O apelante dissente do julgado alegando, em síntese e conforme aludido supra, que foi sócio gerente e liquidatário na dissolução da “Sociedade ……………………., L.da.” tendo procedido ao pagamento de I.R.C. lançado à empresa, por ser o responsável pelo respectivo pagamento, nos termos do nº.1, do artº.26, da L.G.T., tendo em vista evitar que contra si corresse acção executiva (passivo superveniente) enquanto representante legal dos sócios, nos termos do nº.2, do artº.163, do C.S.C. Que o aludido pagamento de I.R.C. em nome da sociedade foi efectuado com vista a evitar males maiores resultantes da inevitável reversão da dívida contra o liquidatário e ora recorrente, designadamente para acautelar o arresto, mais que certo, dos seus bens já que a extinta sociedade não tinha, nem tem quaisquer bens. Que entende que a liquidação em causa padece de ilegalidade, motivo pelo qual deduziu impugnação judicial, de cuja sentença é objecto o presente recurso, tanto mais que considera ser parte legítima e com interesse em agir, atento o disposto no nº.1, do artº.9, do C.P.P.T. (cfr.conclusões 1 a 4 do recurso). Com base em tal argumentação pretendendo assacar à sentença recorrida um erro de julgamento de direito.
Analisemos se a decisão recorrida sofre de tal pecha.
A sentença recorrida concluiu que não sendo os sócios de responsabilidade limitada responsáveis pelas dívidas da sociedade, para além do montante que receberam na partilha e, não tendo os sócios, no caso presente, recebido qualquer quantia na partilha, por já não existir activo, não têm os mencionados sócios qualquer interesse em agir nos presentes autos, porquanto as dívidas da sociedade não lhes são imputáveis, a título de responsabilidade solidária. Por outro lado, não foi alegado pelo autor que, à data da instauração dos autos, a referida dívida já havia sido revertida contra si, na qualidade de gerente e devedor subsidiário. Nestes termos, não tendo o autor, à data da entrada da impugnação em juízo, legitimidade ou ainda não possuindo interesse em agir (artºs.26, nº.1, 28, nº.1, e 288, nº.1, als.d) e e), do C.P.Civil) e, não tendo articulado factos dos quais resultem preenchidas os requisitos do artº.163, nº.1, do C.S.Comerciais, para que a presente acção possa prosseguir fazendo intervir os demais sócios como co-autores, julgou verificadas as excepções dilatórias de ilegitimidade e falta de interesse em agir do autor e, em consequência, absolveu a Fazenda Pública da instância, nos termos conjugados dos artºs.493, nº.2, e 494, al.e), do C.P.Civil.
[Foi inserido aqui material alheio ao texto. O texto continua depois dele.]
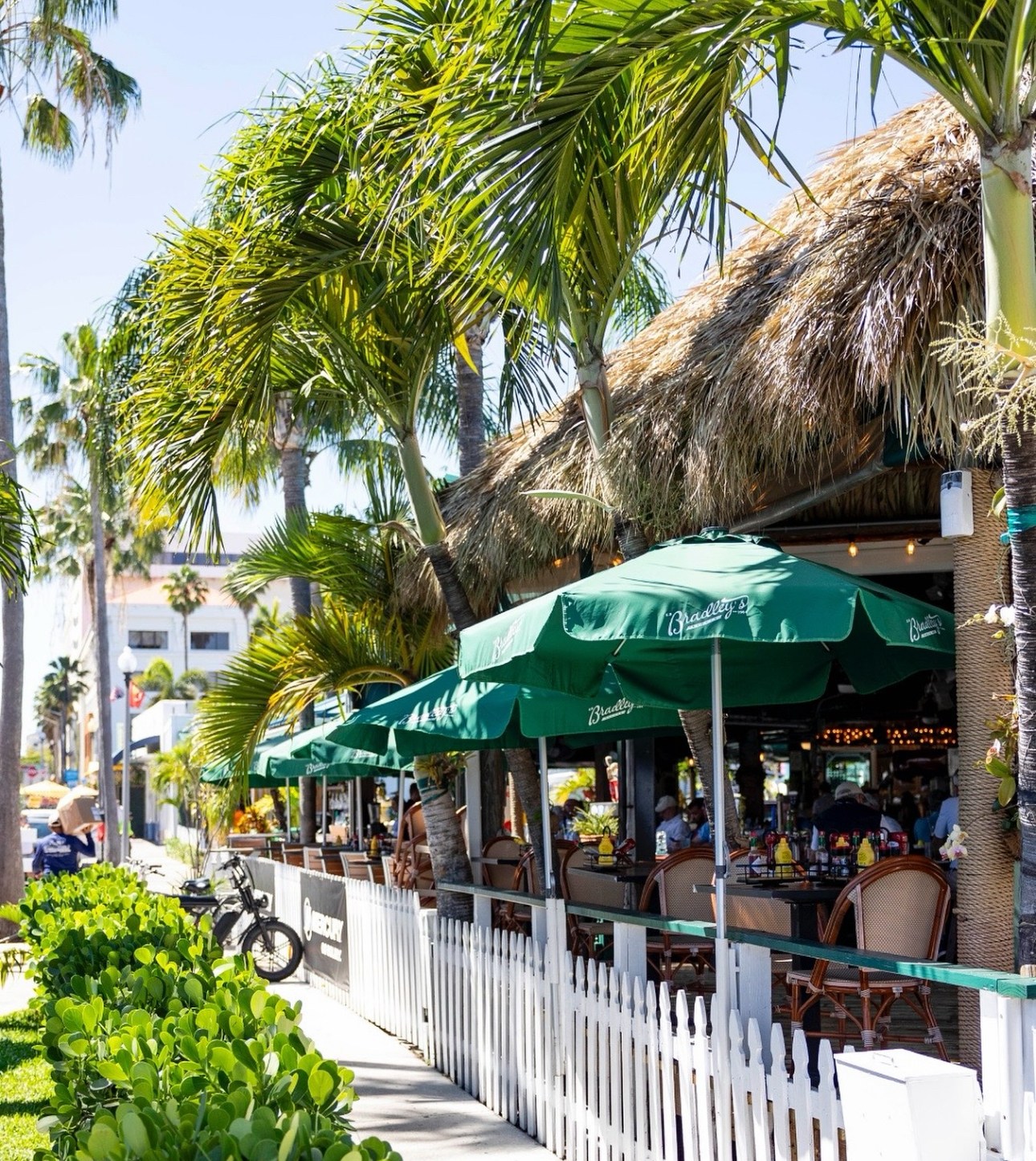 Outdoor cafe with palm trees, green umbrellas, and a white fence on a sunny day.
Pelo contrário, o impugnante/recorrente defende que tem legitimidade passiva para a presente acção, dado ter efectuado o pagamento da liquidação objecto do processo, legitimidade essa que deriva das disposições conjugadas dos artºs.9, nº.1, do C.P.P. Tributário, e 163, nº.2, do C.S.Comerciais.
Vejamos quem tem razão.
A legitimidade das partes (“legitimatio ad causam”) é, simultaneamente, um dos temas mais versados e controvertidos da moderna disciplina processualista. Para isso contribuirá, não só, o facto de o recorte teórico de tal figura ser consequência de algumas opções fundamentais quanto à essência e função do direito processual, como também, o notável grau de interdependência da mesma face a outros conceitos e institutos processuais (v.g. direito de acção judicial; objecto do processo).
Na nossa ordem jurídica, a legitimidade é o pressuposto processual que, traduzindo uma correcta ligação entre as partes e o objecto da causa, as faculta para a gestão do processo. Como regra (legitimidade directa), serão partes legítimas os titulares da relação material controvertida (cfr.artº.26, nº.3, do C.P.Civil, "ex vi" do artº.2, al.e), do C.P.P.Tributário; artº.9, do C.P.P.Tributário), assim se assegurando a coincidência entre os sujeitos que, em nome próprio, intervêm no processo e aqueles em cuja esfera jurídica a decisão judicial vai directamente produzir a sua eficácia. Da análise do artº.26, nº.3, do C. P. Civil, conclui-se que o critério supletivo de aferição da legitimidade processual se deve basear no interesse em demandar ou contradizer, face ao objecto inicial do processo, individualizado pela relação material controvertida tal como o A. a configura (cfr.ac.S.T.J., 30/10/84, B.M.J. 340, pág. 334).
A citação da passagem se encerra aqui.